Thursday, June 4, 2015

My First Slurp of Beautiful Soup

I have seen the movie Mary Poppins many times in my life. Her magical bag held lamps and all sort so ginormous objects. Her snapping fingers cleaned a room. Her umbrella helped her fly. She was magical.

And you know what else is magical? Beautiful Soup!

As Mary Poppins might say, a spoonful of Beautiful Soup makes the medicine go down...

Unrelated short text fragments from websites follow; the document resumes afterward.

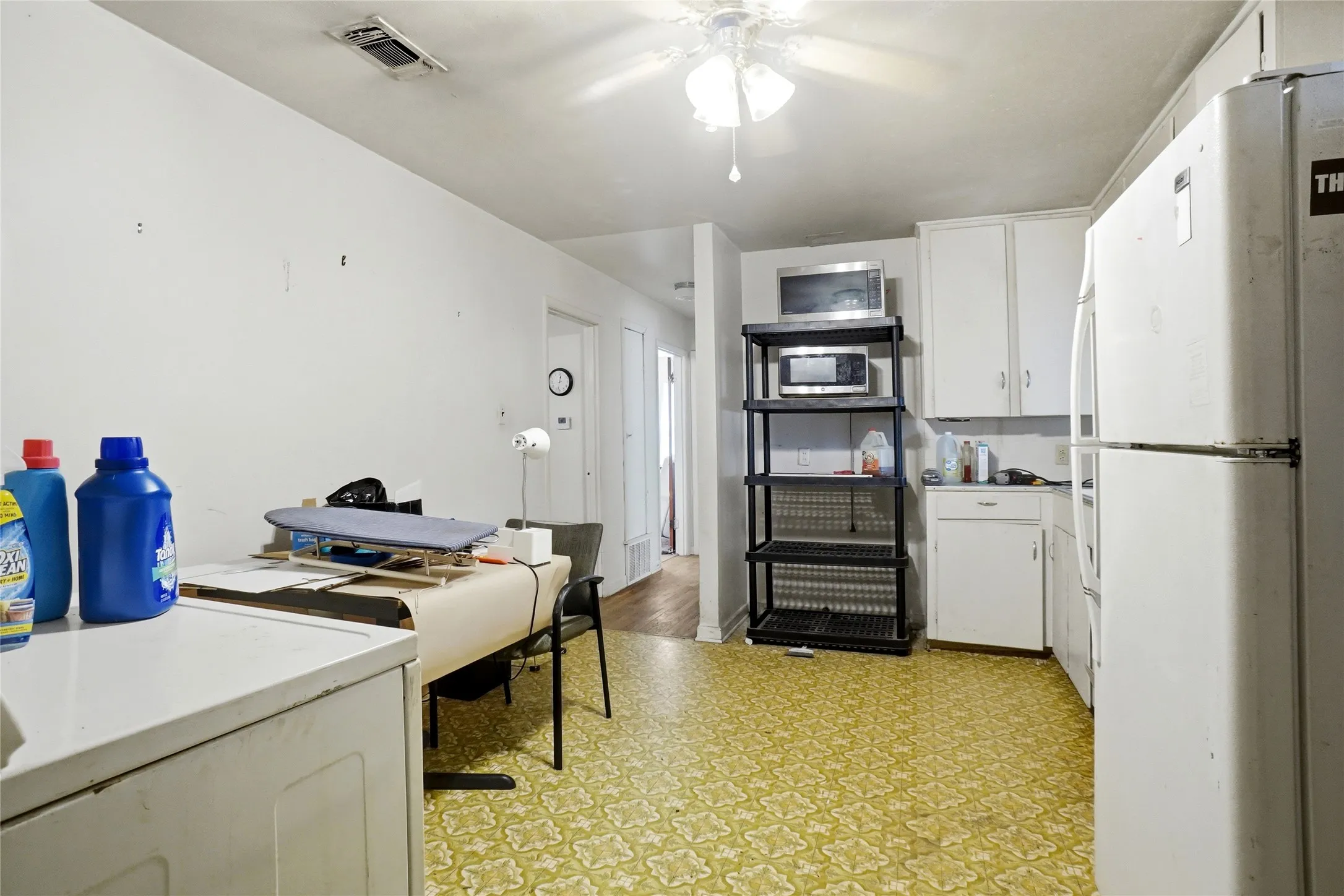 Single Family Residence For Sale in Tarrant County , 123 Charlene Drive, Hurst, Texas 76053, 2 Bedroom, 1 Bathroom, 1 Garage spaces, 1,058 Sqft, built in 1954, mls#21384169, Real Estate Agent in Hurst, Homes For Sale in Tarrant county, Homes For Sale in Hurst, Realtor in Hurst Texas, Real Estate Brokerage Independent Realty Texas, Luminita Cordes Realtor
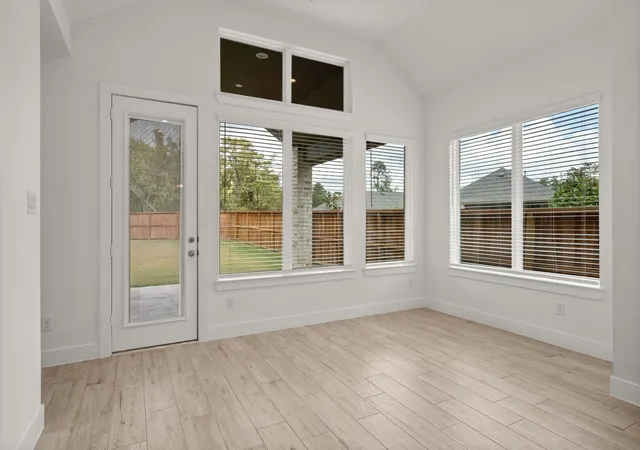 Photo 4 of Single family home for sale at 28819 Crockett Gdns Dr, New Caney, TX 77357 | MLS# 32651145 | Listing updated on 2026-09-15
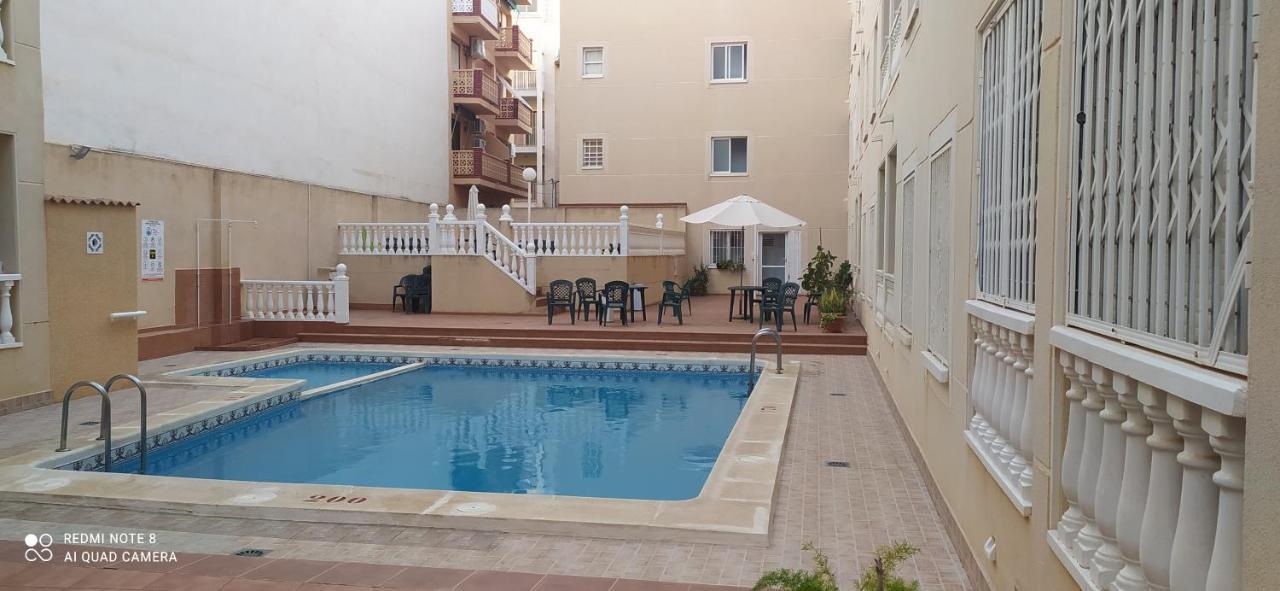 estudio wifi baño 1 sofá cama doble piscina playa 100mts Torrevieja Exterior foto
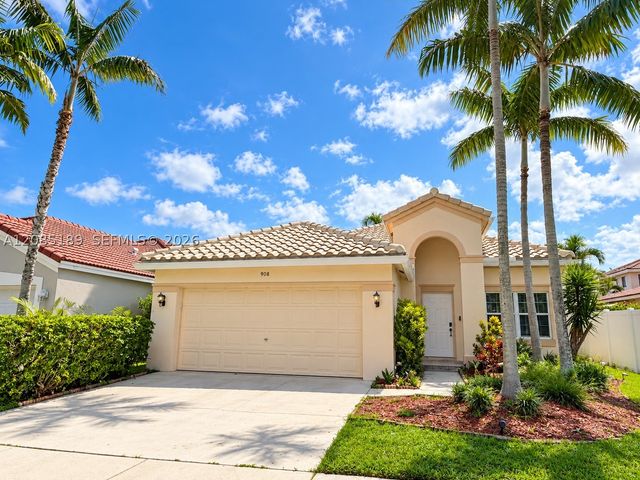 908 Tanglewood Cir 908, Weston, FL 33327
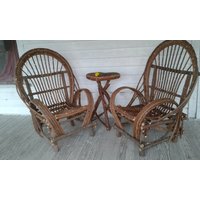 Zwei Weidenstühle | Farnständer Nicht Enthalten Zwei Weidenstühle | Farnständer Nicht Enthalten von BackSwampWillow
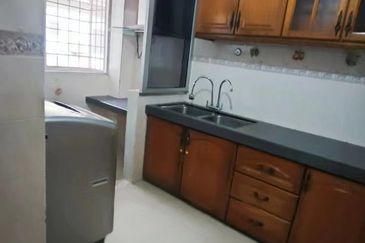 3 Storey Townhouse @ Bandar Damai Perdana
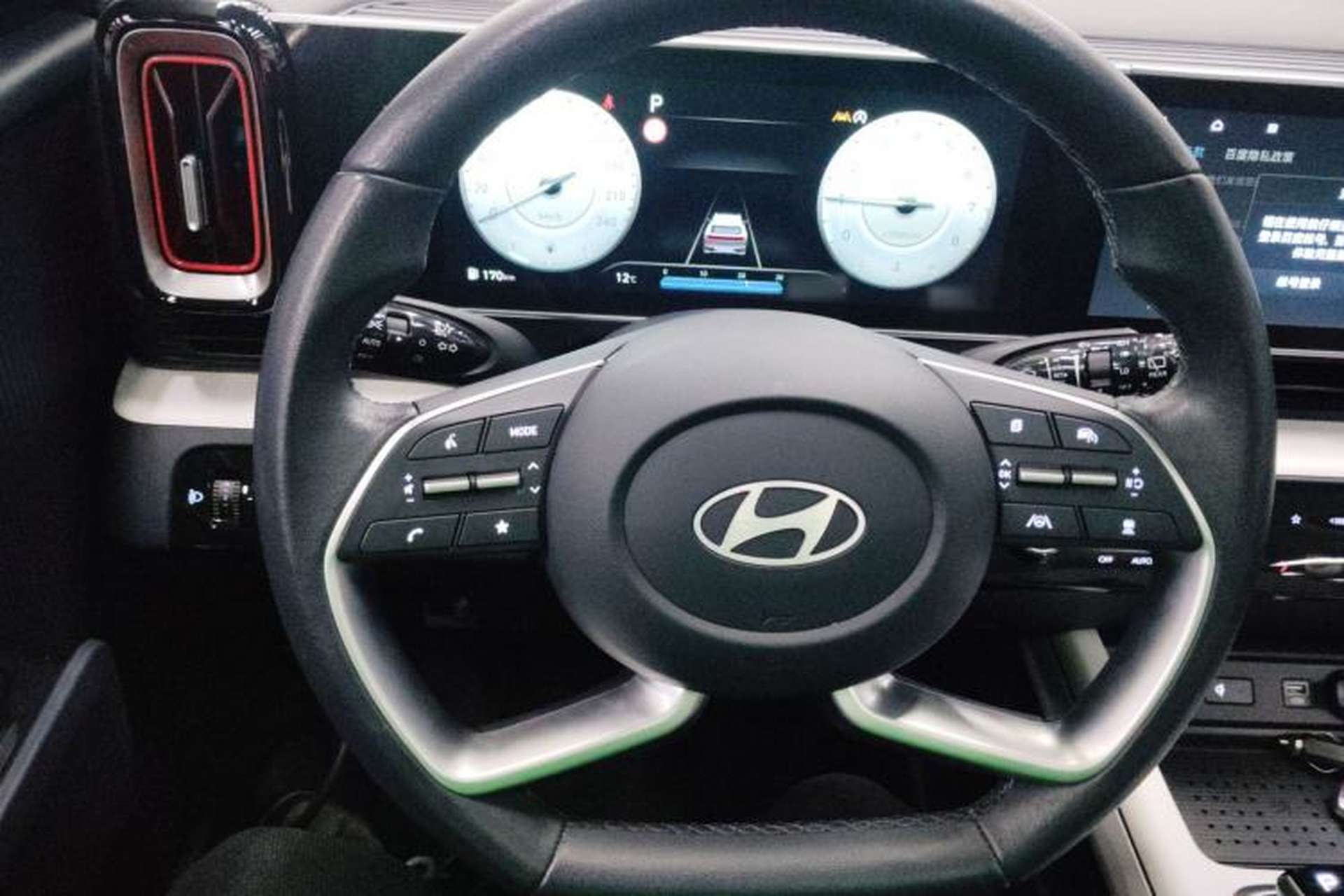 Used Hyundai ix35 2023 Musso 2.0L Flagship Edition TOP Steering Wheel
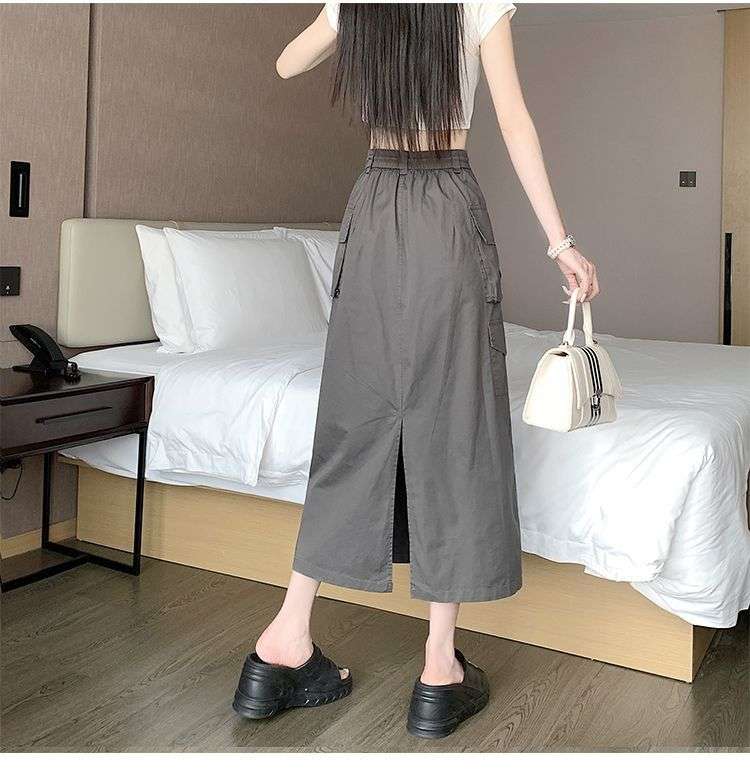 カジュアルコーデ  カーゴポケット付きロングマキシスカート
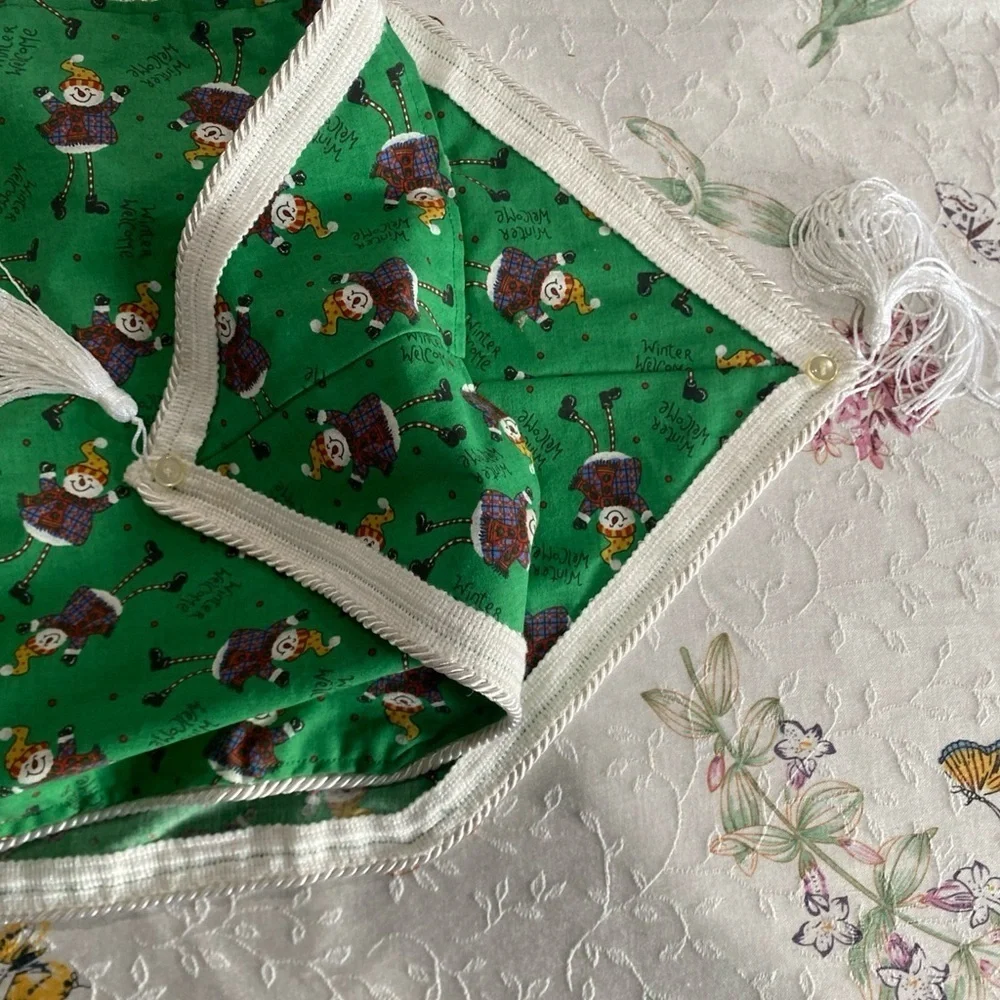 Vintage Christmas Village Table Runner Tassels “Welcome Winter” Snowmen 13”x60”‎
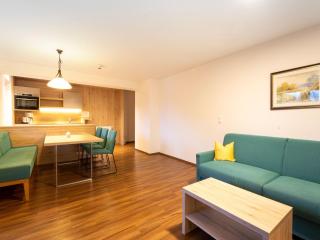 Lovely Apartment with Sauna, Ski Storage, Pool, Terrace - Wald im Pinzgau - 9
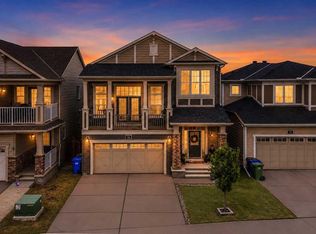 56 S Carrington Cir NW, Calgary, AB T3P 0Y6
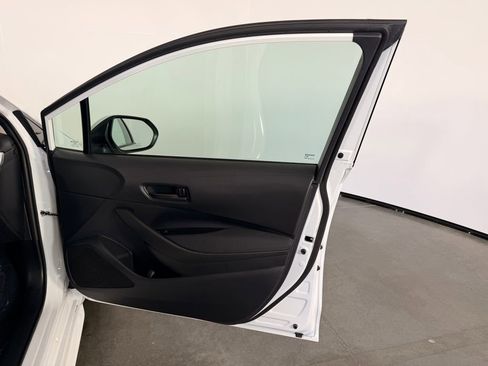 Used 2025 Toyota Corolla LE FWD image 32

The medicine, in this case, is the task of parsing HTML. Beautiful Soup will rescue you from the horrors of regex and help you navigate the DOM like a classy person.

I used Goodreads' Most Read Books in the U.S. as a platform for my first soupy adventure.

I wanted to scrape the book urls and book titles from all 50 books on the list.

A quick look at the source code reveals that each book has a link tag with a class of "bookTitle".

Recipe for Beautiful Soup
1. To use Beautiful Soup, simply install with pip install beautifulsoup4 and then import it at the top of your python file: from bs4 import BeautifulSoup

2. Create the soup.
book_soup = BeautifulSoup(page.content)

3. Generate a list of all segments of the DOM that start with: <a class="bookTitle"
book_links = book_soup.find_all("a", class_="bookTitle")

4. Use list comprehension to compose a list of book titles from the aforementioned list
    popular_book_titles = [book.find('span').get_text() for book in book_links]

5. Use list comprehension to compose a list of book links.
    popular_book_urls = [url + link.get('href') for link in book_links]

6. Ladle out the results.
    return (popular_book_titles, popular_book_urls)

Tuesday, June 2, 2015

Goodreads API + Python = An Adventure

I've been playing around with the Goodreads for about a week. Here are some things I learned the hard way:

-Use rauth. I tried using oauth2 but kept getting a "Invalid OAuth Request" message. Then I realized it was a problem with the library. I somehow missed this sentence on the API documentation: We recommend using rauth instead of oauth2 since oauth2 hasn't been updated in quite a while.

-According to a developer message board on Goodreads, the Goodreads API only supports OAuth1 (for the indefinite future), so don't accidentally start using/reading the OAuth2Services or OAuth2Sessions sections of the rauth docs.

-Look at this. Very, very carefully. It will help you set up your request token so that your app's user can grant you access to make changes to the user's Goodreads account.

The examples on the aforementioned resource concerned setting up an OAuth1Session and adding a book to a user's shelf. Both very important, but nothing about how to GET information rather than POST information from/to a user's account.

Getting the user ID proved to be a challenge. Once a user has granted you access through rauth, the Goodreads API documentation says:

Basically this explains that it returns an xml response with the Goodreads user_id. However, the response will consist of more than just the user_id...you will have to do a bit of digging to find that exact information.

I created a function called get_user_id() that uses the GET url to get the xml object
user_stuff = session.get('/api/auth_user.xml')

Then use parseString (make sure you include this import statement at the top: from xml.dom.minidom import parseString) to parse the xml.

The important part is that you need to parse the xml content, not the xml object. 
xml_stuff = parseString(user_stuff.content) 

Now you're ready to getElementsByTagName. Thanks to Steve Kertes's code on github, I was able to figure out that user_id = xml_stuff.getElementsByTagName('user')[0].attributes['id].value

Now just return the str(user_id) and you're done! High five yourself. One small step for API experts, one giant leap for me. 

I owe a million thanks to this code, this, and this. Where would I be without the Internet???